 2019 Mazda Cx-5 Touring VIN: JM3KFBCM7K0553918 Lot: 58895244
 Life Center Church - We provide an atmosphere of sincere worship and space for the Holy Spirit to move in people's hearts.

---

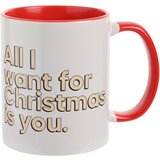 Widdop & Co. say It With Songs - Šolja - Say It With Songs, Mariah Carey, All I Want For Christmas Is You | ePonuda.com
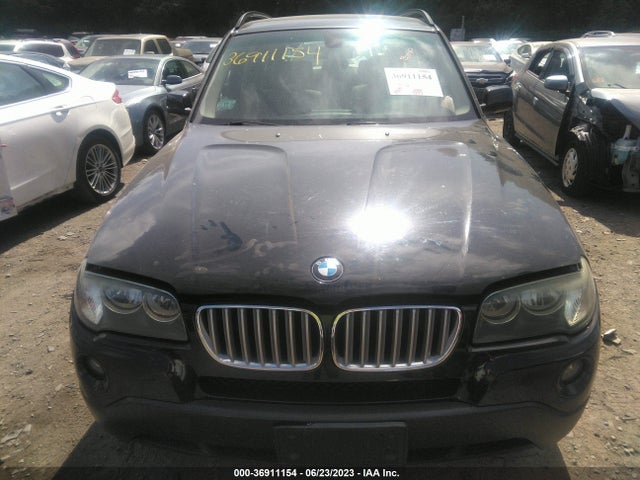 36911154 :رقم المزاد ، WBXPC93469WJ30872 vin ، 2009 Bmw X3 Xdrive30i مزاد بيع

---

__YOUR INSTRUCTIONS__
Every line above from the line with "2019 Mazda Cx-5" to the line with "Life Center Church" is wanted, ends included; write them out exactly and add no other line.

__ANSWER SECTION__
 2019 Mazda Cx-5 Touring VIN: JM3KFBCM7K0553918 Lot: 58895244
 Life Center Church - We provide an atmosphere of sincere worship and space for the Holy Spirit to move in people's hearts.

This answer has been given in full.